TASK REQUIREMENTS: The listing below should be reproduced exactly, with the pictures omitted.

++++++++

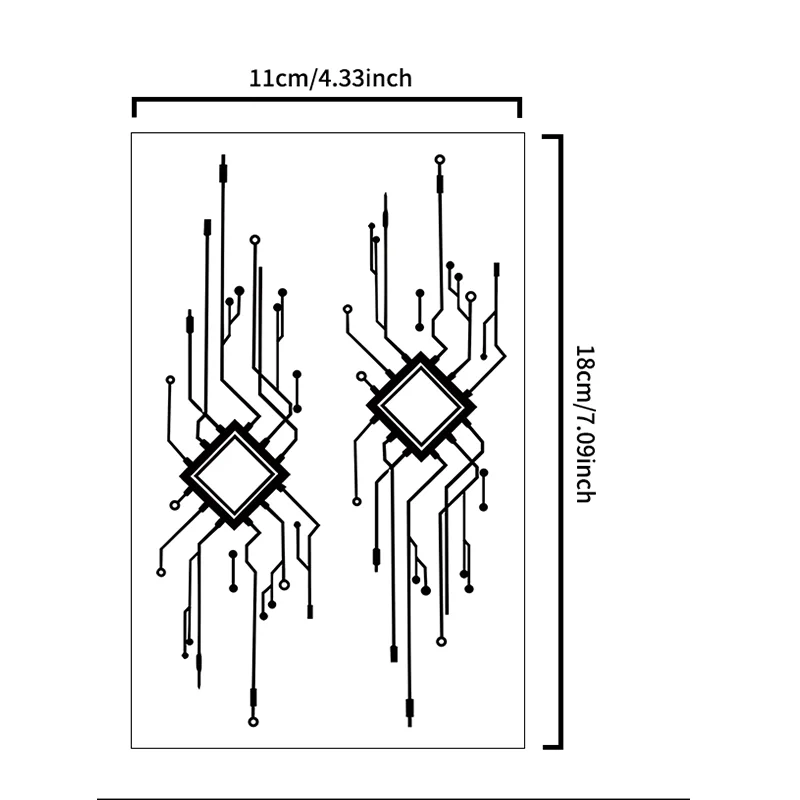 Ontwerp met technologie-thema en chipcircuits, 1 stuks waterdichte tijdelijke tattoo-stickers.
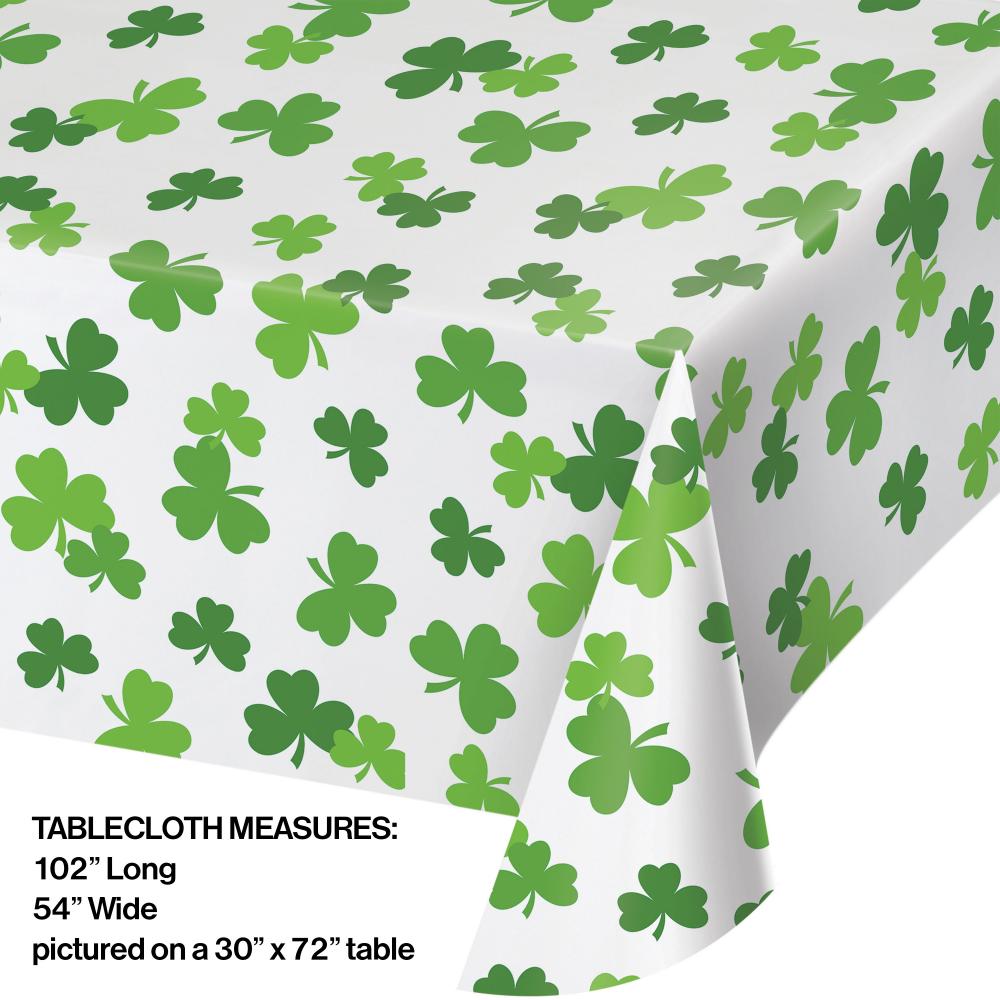 12ct Bulk Shamrock Plastic Table Covers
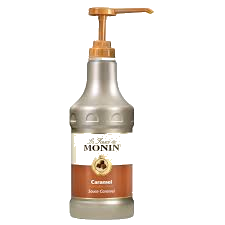 Monin Caramel Sauce 1.89ltr bottle with silver and gold color from Saudi Supplier.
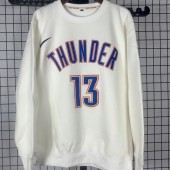 Oklahoma City Thunder #13 George white plush long sleeves Sweatshirt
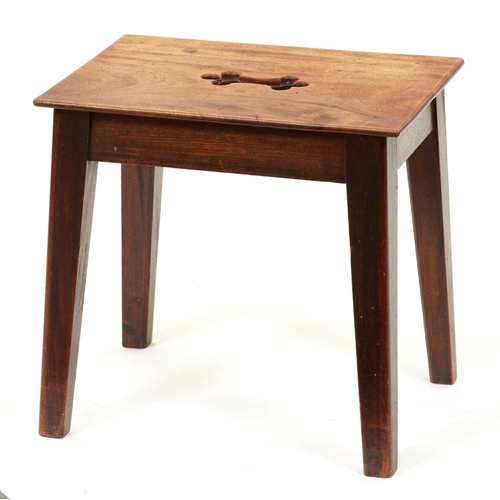 1007 - A fruitwood stool, the rectangular seat with hand hole on slightly splayed legs, 41cm h; 31 x 4... 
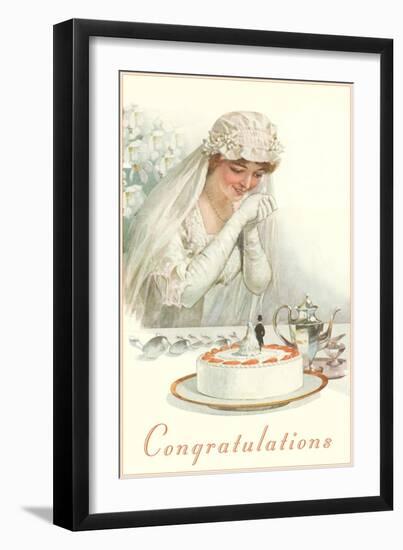 Congratulations, Bride with Cake-null-Framed Art Print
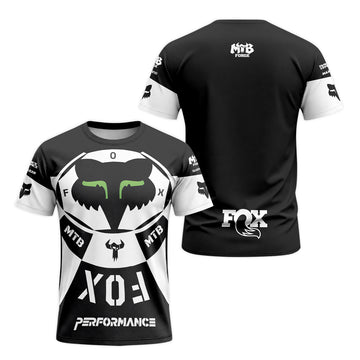 Fox Black White Performance Short Sleeve Mountain Bike Jersey - front and back view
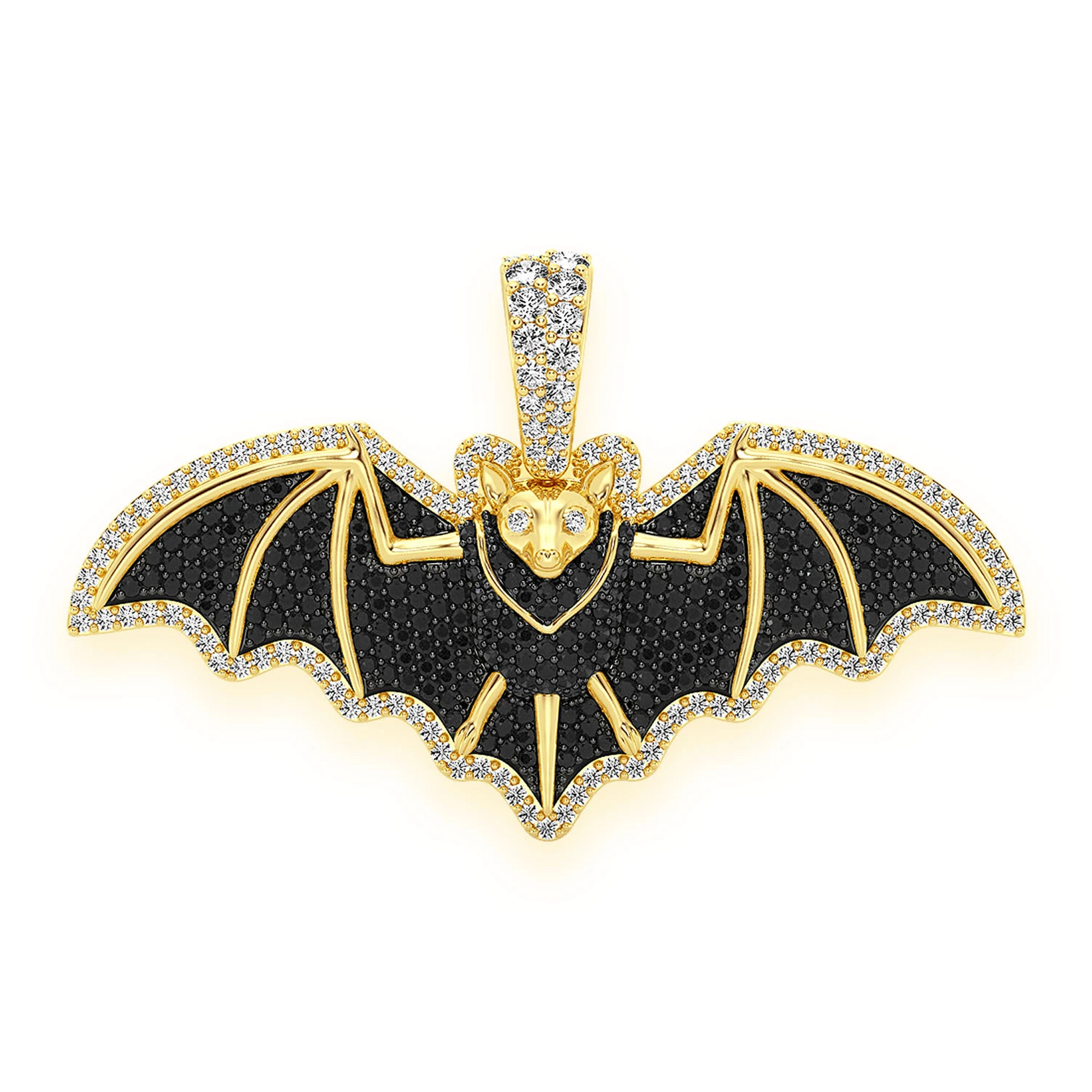 Black Diamond Bat Pendant in 14K yellow gold, front view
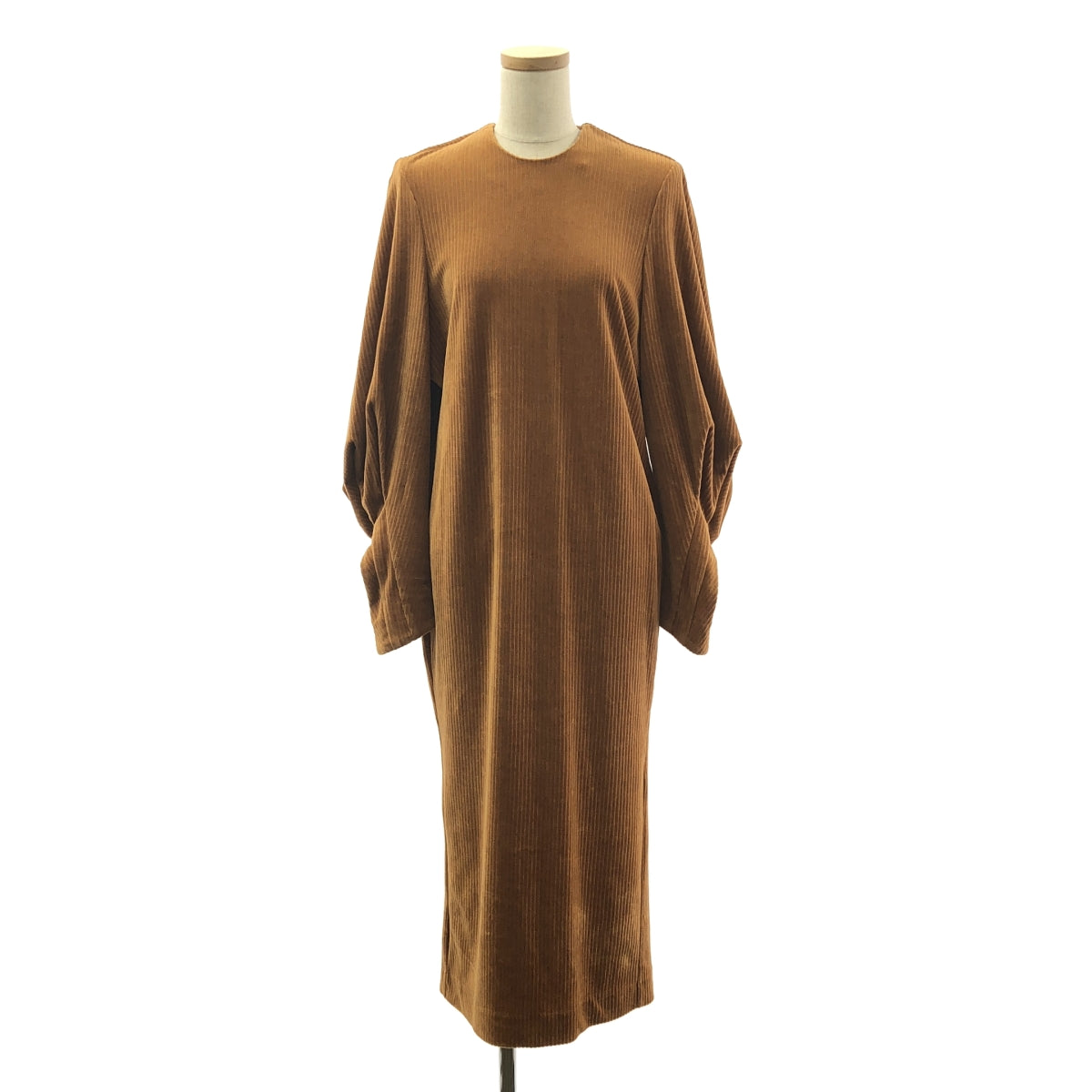 Mame Kurogouchi / 마메쿠로고우치 | 2021AW | Ribbed Velour Jersey Dress / 벨루어 저지 원피스 | 1 | 여성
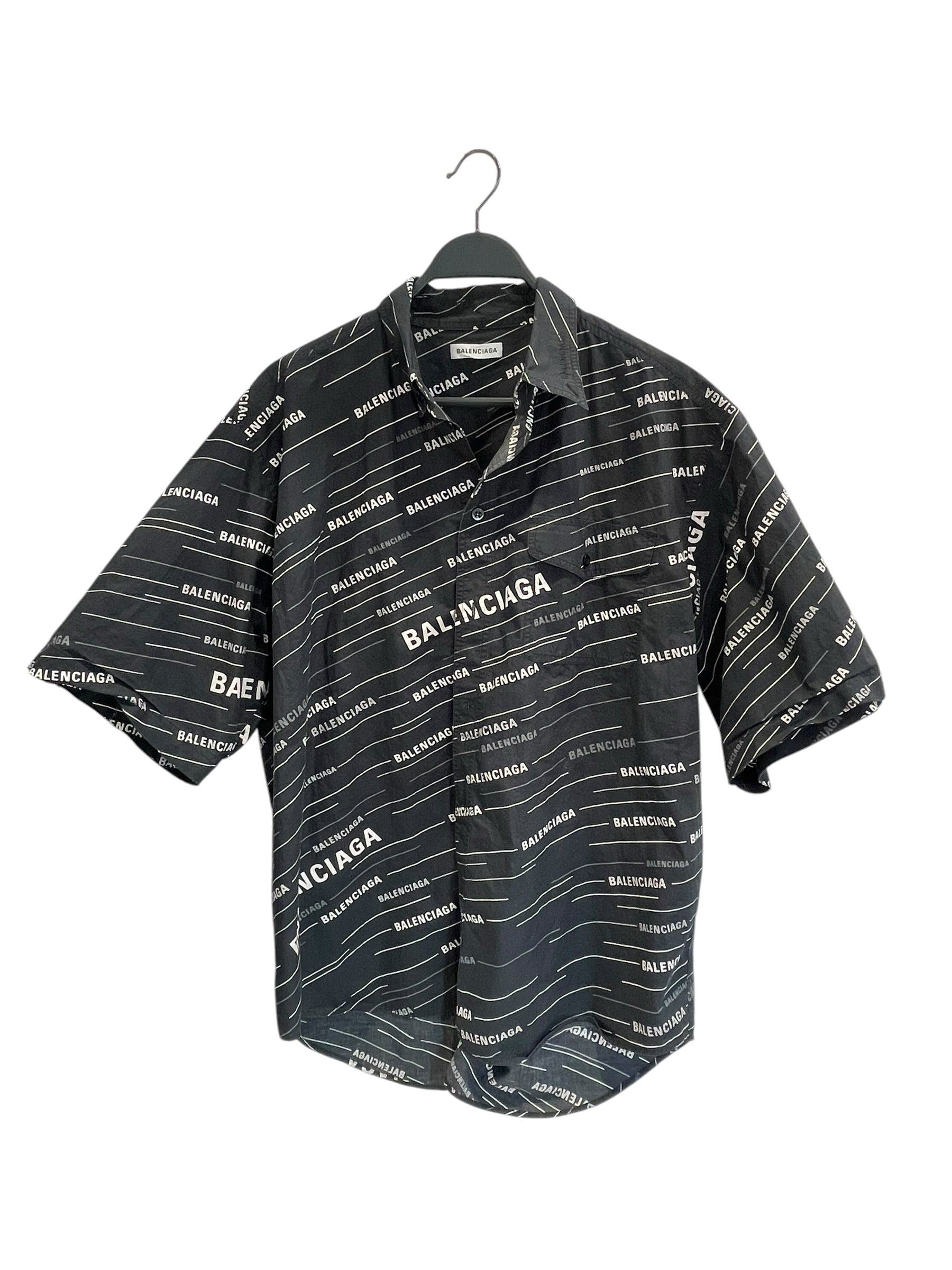 BALENCIAGA/SS Shirt/40/Cotton/BLK/All Over Print/LOGO BUTTON UP view 1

++++++++

RESULT OF THIS EXERCISE:
 Ontwerp met technologie-thema en chipcircuits, 1 stuks waterdichte tijdelijke tattoo-stickers.
 12ct Bulk Shamrock Plastic Table Covers
 Monin Caramel Sauce 1.89ltr bottle with silver and gold color from Saudi Supplier.
 Oklahoma City Thunder #13 George white plush long sleeves Sweatshirt
 1007 - A fruitwood stool, the rectangular seat with hand hole on slightly splayed legs, 41cm h; 31 x 4... 
 Congratulations, Bride with Cake-null-Framed Art Print
 Fox Black White Performance Short Sleeve Mountain Bike Jersey - front and back view
 Black Diamond Bat Pendant in 14K yellow gold, front view
 Mame Kurogouchi / 마메쿠로고우치 | 2021AW | Ribbed Velour Jersey Dress / 벨루어 저지 원피스 | 1 | 여성
 BALENCIAGA/SS Shirt/40/Cotton/BLK/All Over Print/LOGO BUTTON UP view 1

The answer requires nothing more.